Your answer should be an exact copy of the lines from the one containing "2 stück Auto" through the last line of the records below, without any pictures.

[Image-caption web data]
☆ ☆ ☆ ☆ ☆

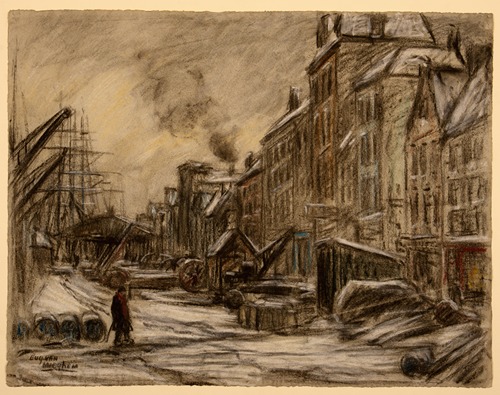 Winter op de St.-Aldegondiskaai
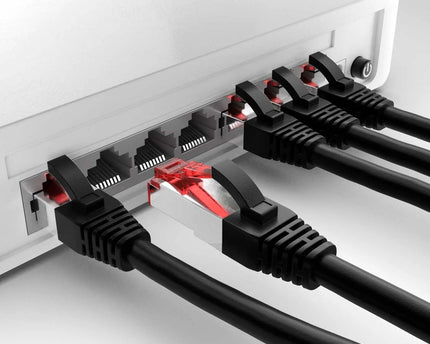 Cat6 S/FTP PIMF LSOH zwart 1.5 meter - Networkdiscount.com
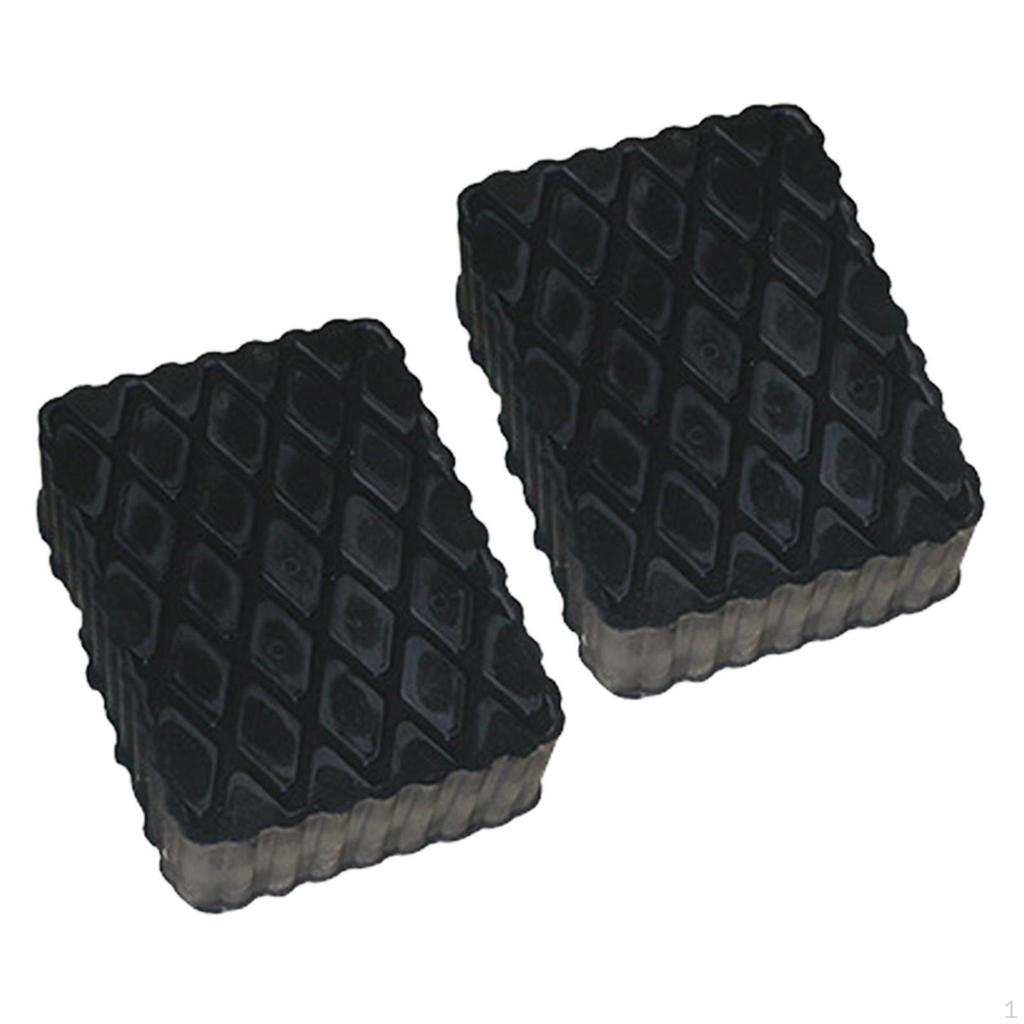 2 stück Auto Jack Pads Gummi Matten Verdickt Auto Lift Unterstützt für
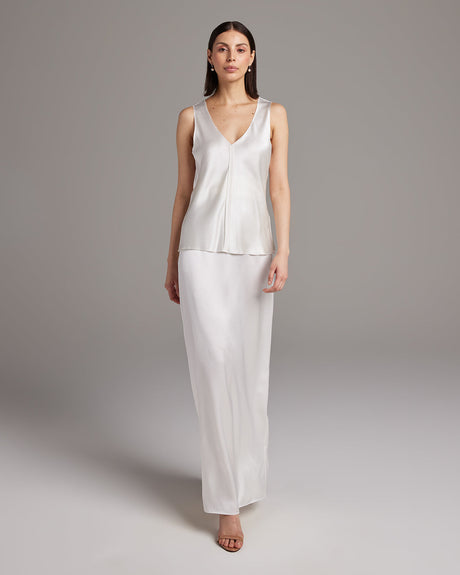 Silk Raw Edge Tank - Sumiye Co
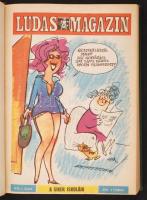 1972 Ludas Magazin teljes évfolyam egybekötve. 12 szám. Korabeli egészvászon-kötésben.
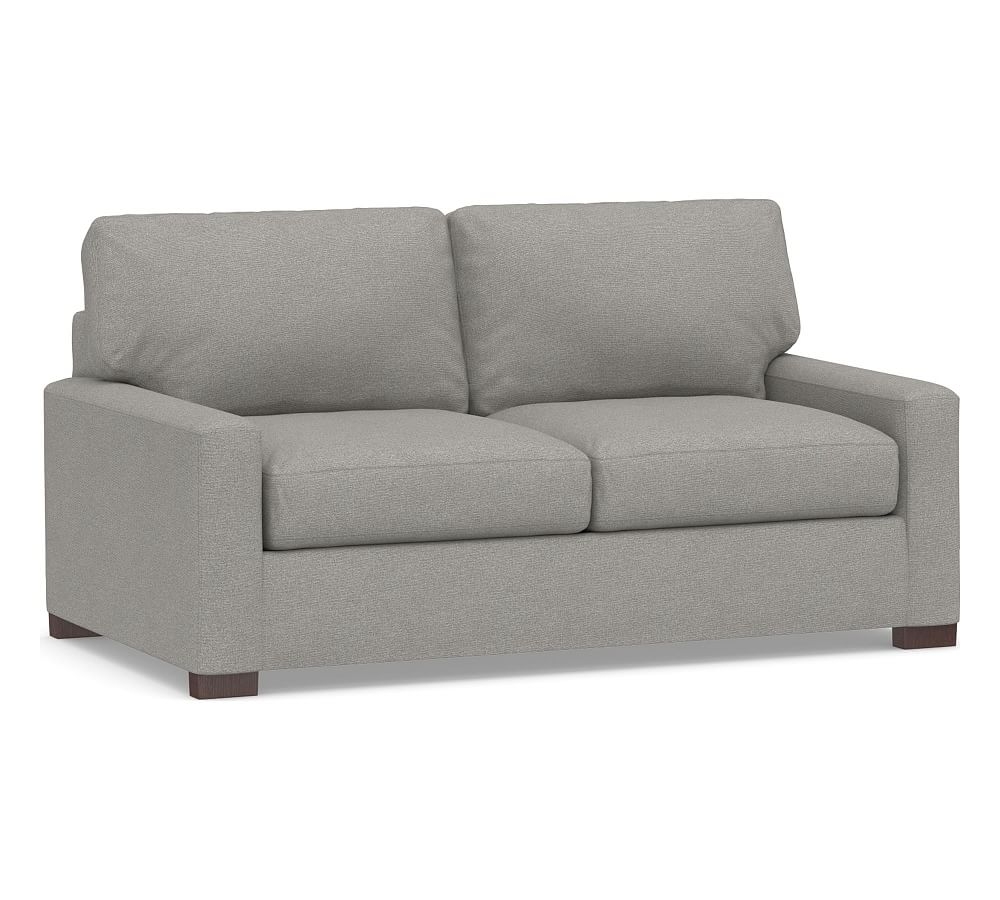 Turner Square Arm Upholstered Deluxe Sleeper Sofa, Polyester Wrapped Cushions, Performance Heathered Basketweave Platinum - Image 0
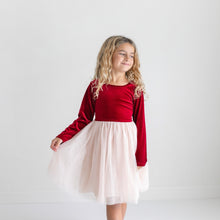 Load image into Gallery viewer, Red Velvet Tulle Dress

☆ ☆ ☆ ☆ ☆

(Solution for this task):
 2 stück Auto Jack Pads Gummi Matten Verdickt Auto Lift Unterstützt für
 Silk Raw Edge Tank - Sumiye Co
 1972 Ludas Magazin teljes évfolyam egybekötve. 12 szám. Korabeli egészvászon-kötésben.
 Turner Square Arm Upholstered Deluxe Sleeper Sofa, Polyester Wrapped Cushions, Performance Heathered Basketweave Platinum - Image 0
 Load image into Gallery viewer, Red Velvet Tulle Dress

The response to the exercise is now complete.